-- AIM OF THE TASK --
Where the data below contains pictures, omit them; output the rest word for word.

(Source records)

***

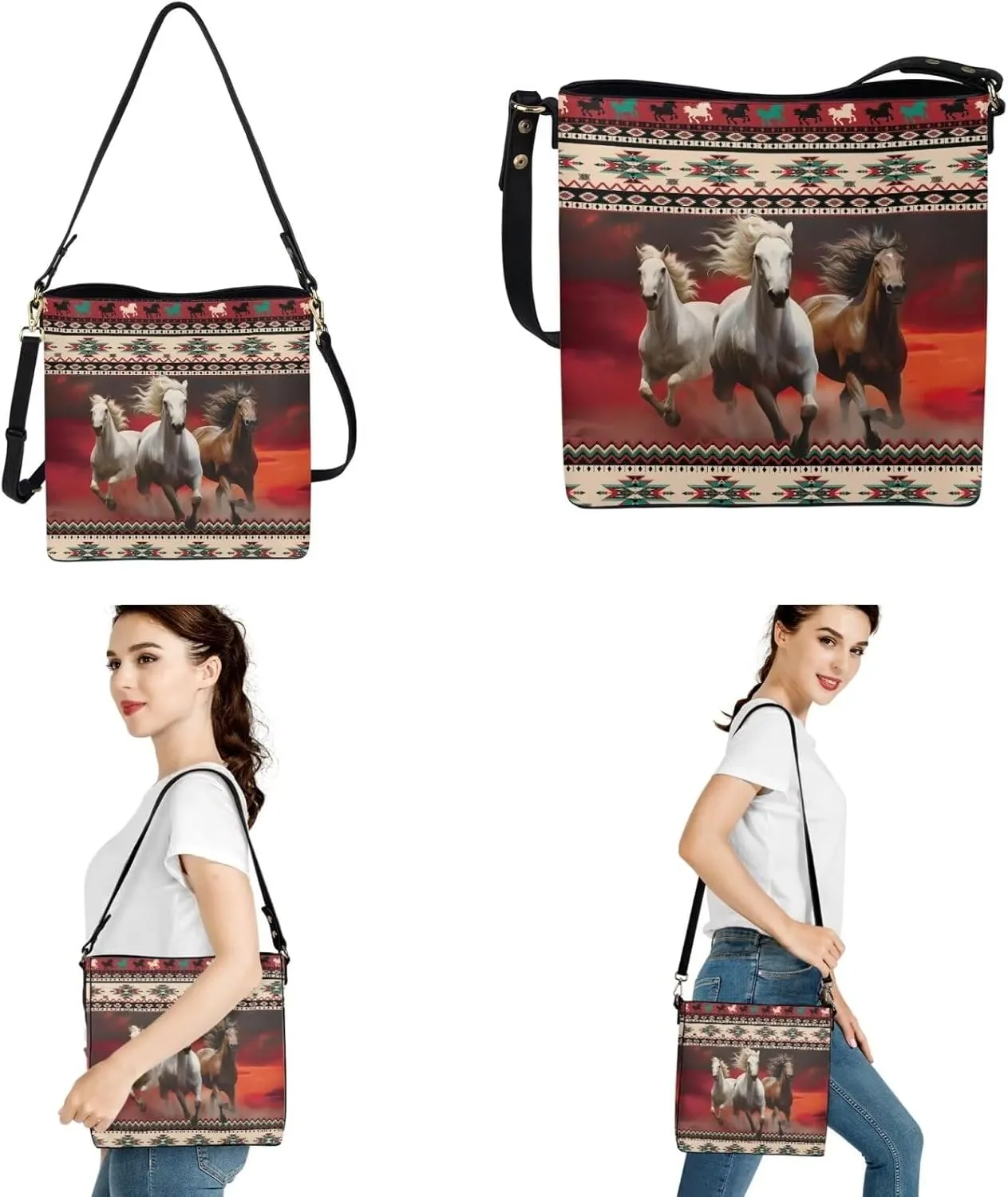 Messenger Bag for Women Crossbody Boho with Leather Car Remote Key Case Cover Set of 2 Bucket Style Tote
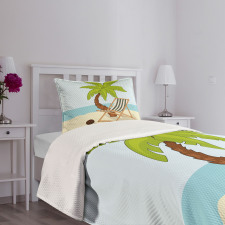 Cartoon Style Palm Tree Bedspread Set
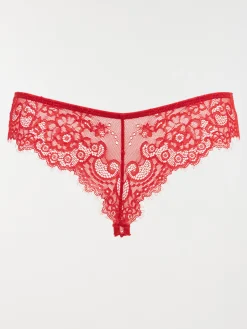 Tanga dentelle rouge femme (S-L)
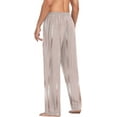 thumbnail image 5 of Men's Pajama Pants with Pockets Sleepwear Lounge Pants Stretch Casual Rose Gold and Golden Stripes, 5 of 6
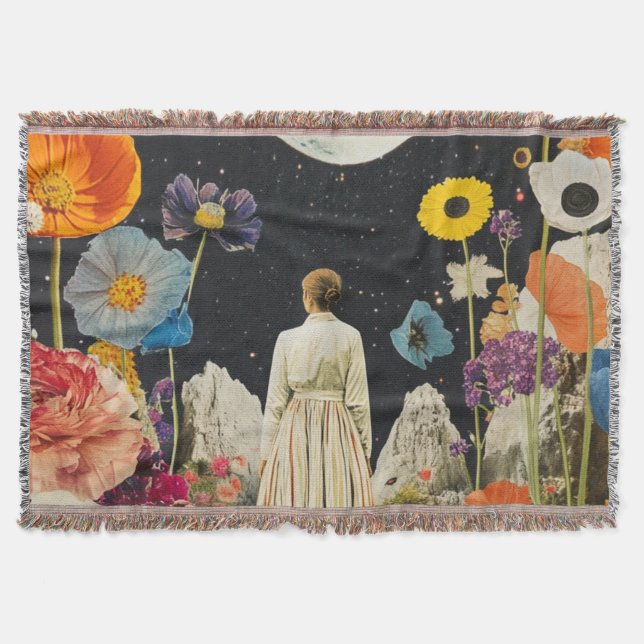 Moonlit Elegance - Bakåtvy för kvinnor med Måne 3 Filt (Framsidan)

***

-- RESPONSE BOX --
 Messenger Bag for Women Crossbody Boho with Leather Car Remote Key Case Cover Set of 2 Bucket Style Tote
 Cartoon Style Palm Tree Bedspread Set
 Tanga dentelle rouge femme (S-L)
 thumbnail image 5 of Men's Pajama Pants with Pockets Sleepwear Lounge Pants Stretch Casual Rose Gold and Golden Stripes, 5 of 6
 Moonlit Elegance - Bakåtvy för kvinnor med Måne 3 Filt (Framsidan)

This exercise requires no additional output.